Provided data below:

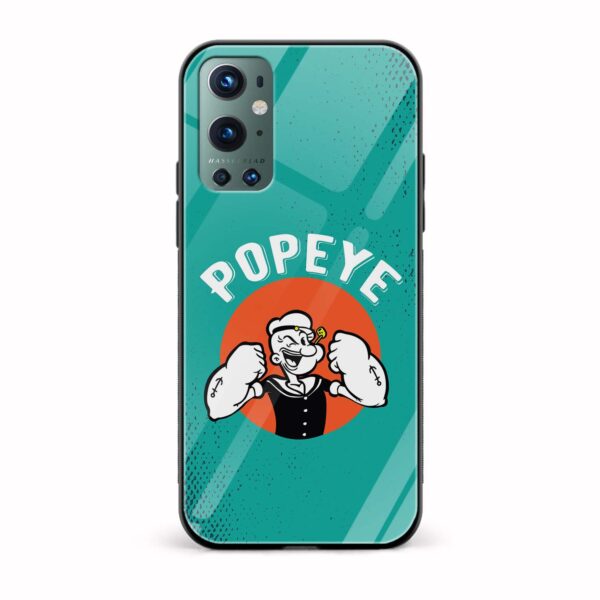 Popeye Printed Glass Back Phone Case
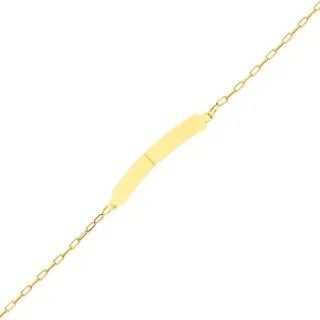 Pulseira De Ouro 18k Infantil Com Placa Para Nome PU010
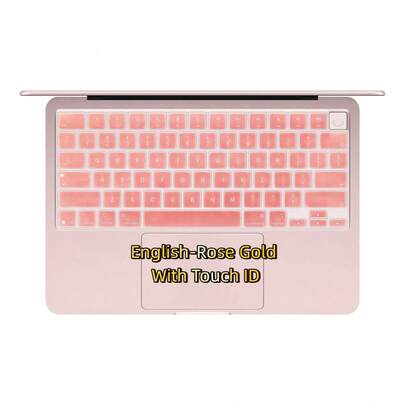 1pc English Ultra Thin Silicone Keyboard Cover US Layout Compatible With MacBook Neo 13 Inch (A18) Pro 2026 Release Model A3404 512GB With Touch ID-Noise-Reducing Design,Wear-Resistant Printing,Smooth Typing,3colors Available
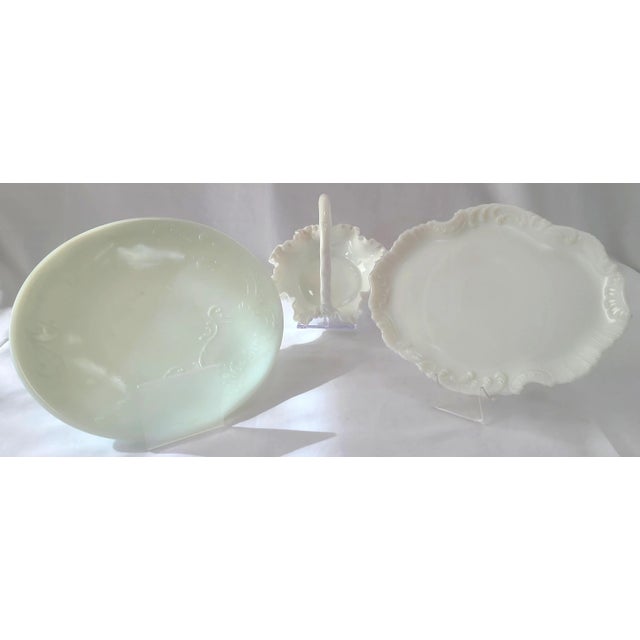 Glass Early 20th Century Victorian Era Milk Glass Collection- Set of 3 For Sale - Image 7 of 7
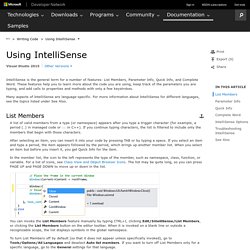 Using IntelliSense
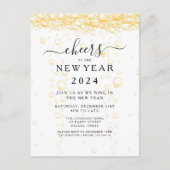 Elegant Fizz Oudejaarsavond feest Uitnodiging Briefkaart (Voorkant)
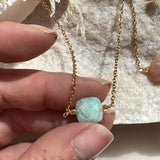 Collier Abby Amazonite ou Pierre de lune orangée - Parfaites Imparfaites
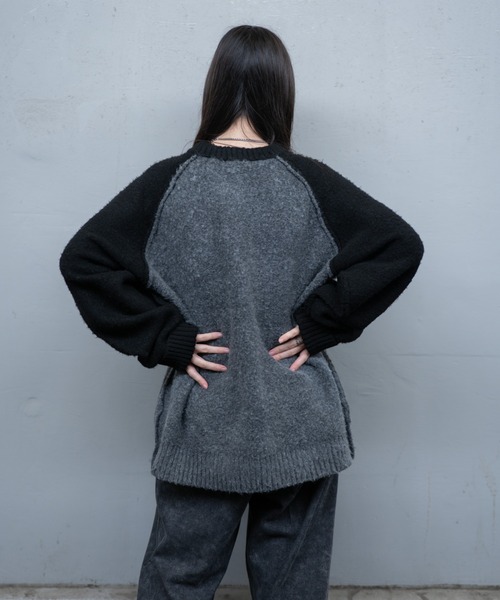 INTER FACTORY（インターファクトリー）の「しの - ラグランスリーブシャギーニット / Raglan Sleeve Shaggy Knit　made in INTER FACTORY（ニット/セーター・メンズ・グレー/チャコールグレー・SMALL/MEDIUM/LARGE）」の10枚目の写真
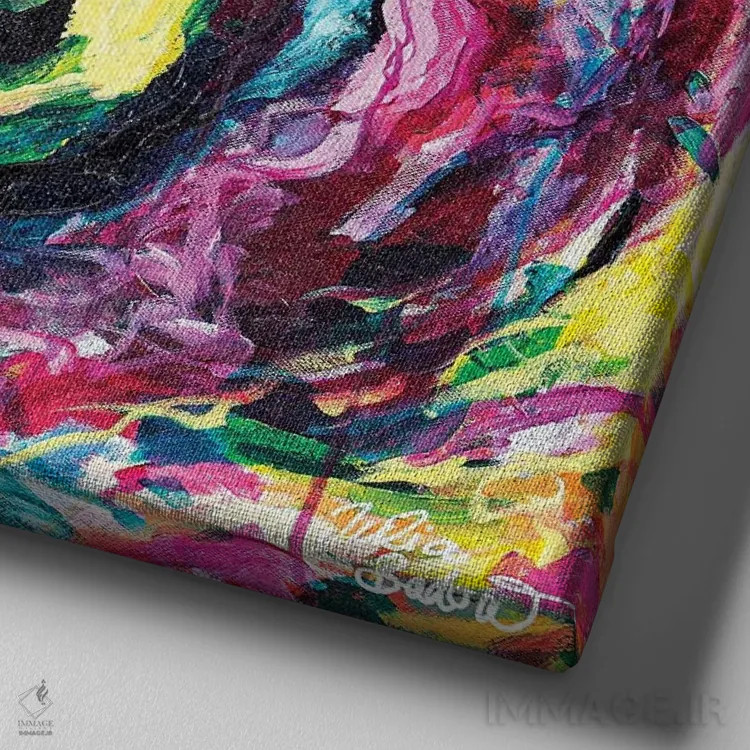 تابلو دکوراتیو جستجو در سئول اثر جولیا بادو - نمای نزدیک بافت بوم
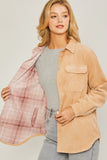 Women Corduroy Reversible Button Down Jacket | Zarnesh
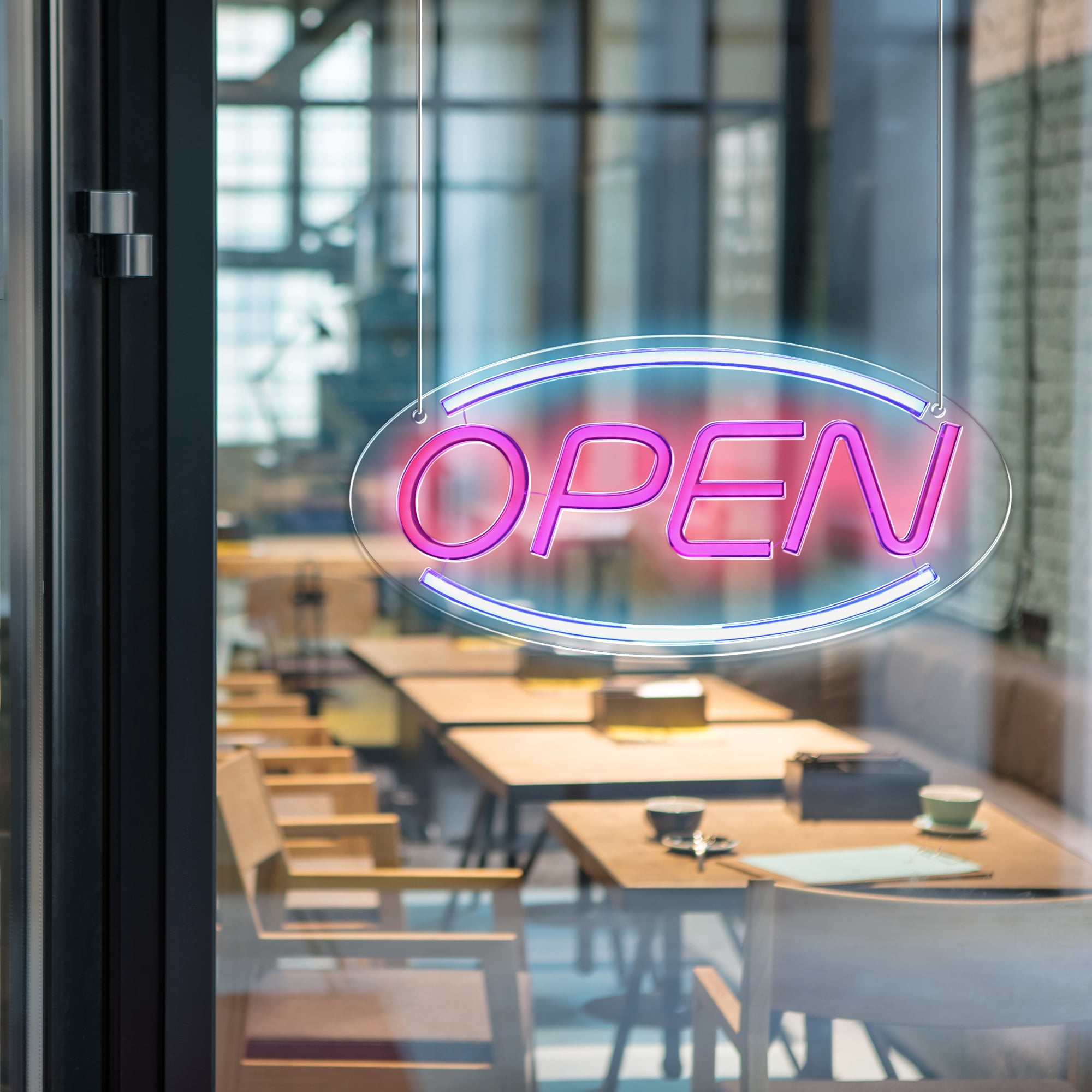 Xtreme Lit LED Neon "OPEN" Sign – Red & Blue Lights, USB Powered, Clear Backing, Wall Hanging Holes, 4.8ft Cord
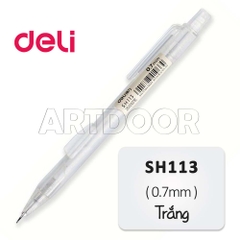 Bút chì kim bấm DELI Thân Trắng (đầu 05/ 07) có đệm cầm êm tay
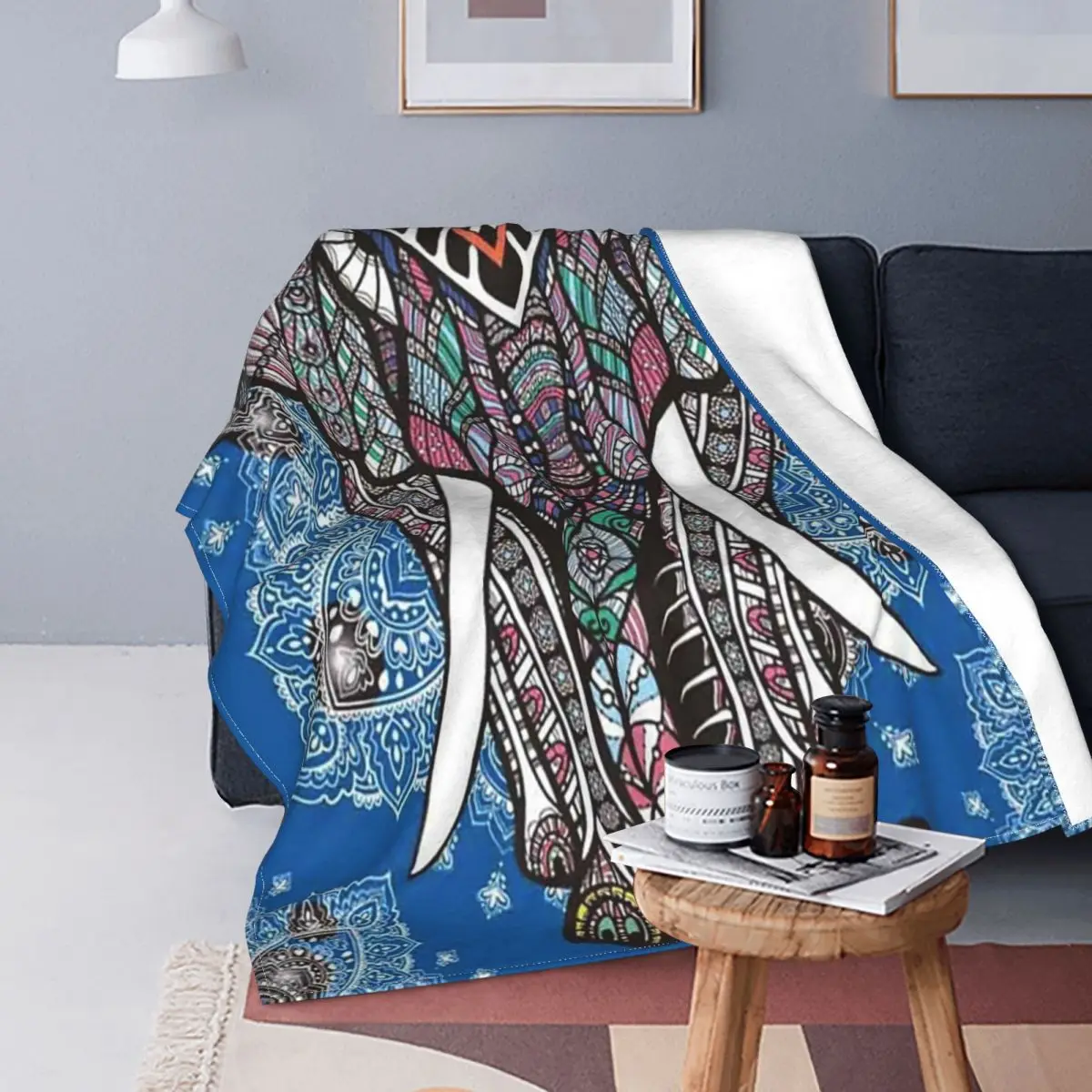 

Слон индийское животное одеяло коралловый флис плюшевое летнее богемное Мандала легкое плед одеяло s для дома диван покрывало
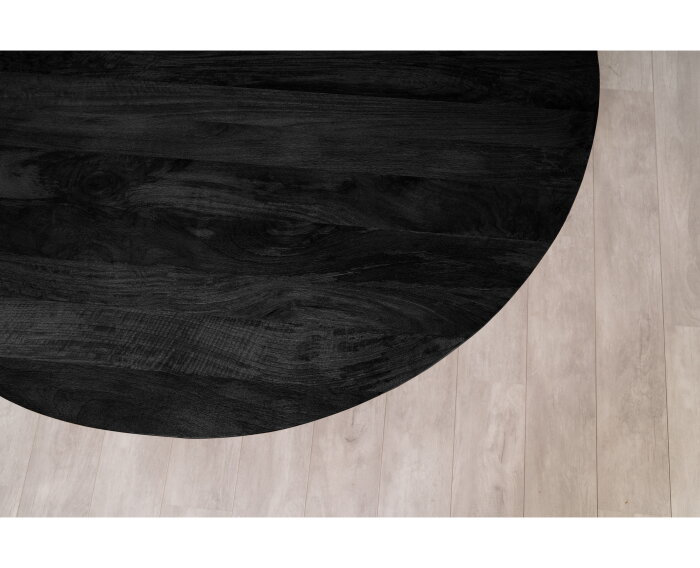 Eettafel Florence Rond mangohout 150x150 cm - Zwart | Gezandstraald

End of Provided data.

What the exercise asks ->
Every line above should be copied exactly; do not carry over the pictures.

Completed exercise ->
 Popeye Printed Glass Back Phone Case
 Pulseira De Ouro 18k Infantil Com Placa Para Nome PU010
 1pc English Ultra Thin Silicone Keyboard Cover US Layout Compatible With MacBook Neo 13 Inch (A18) Pro 2026 Release Model A3404 512GB With Touch ID-Noise-Reducing Design,Wear-Resistant Printing,Smooth Typing,3colors Available
 Glass Early 20th Century Victorian Era Milk Glass Collection- Set of 3 For Sale - Image 7 of 7
 Using IntelliSense
 Elegant Fizz Oudejaarsavond feest Uitnodiging Briefkaart (Voorkant)
 Collier Abby Amazonite ou Pierre de lune orangée - Parfaites Imparfaites
 INTER FACTORY（インターファクトリー）の「しの - ラグランスリーブシャギーニット / Raglan Sleeve Shaggy Knit　made in INTER FACTORY（ニット/セーター・メンズ・グレー/チャコールグレー・SMALL/MEDIUM/LARGE）」の10枚目の写真
 تابلو دکوراتیو جستجو در سئول اثر جولیا بادو - نمای نزدیک بافت بوم
 Women Corduroy Reversible Button Down Jacket | Zarnesh
 Xtreme Lit LED Neon "OPEN" Sign – Red & Blue Lights, USB Powered, Clear Backing, Wall Hanging Holes, 4.8ft Cord
 Bút chì kim bấm DELI Thân Trắng (đầu 05/ 07) có đệm cầm êm tay

Слон индийское животное одеяло коралловый флис плюшевое летнее богемное Мандала легкое плед одеяло s для дома диван покрывало
 Eettafel Florence Rond mangohout 150x150 cm - Zwart | Gezandstraald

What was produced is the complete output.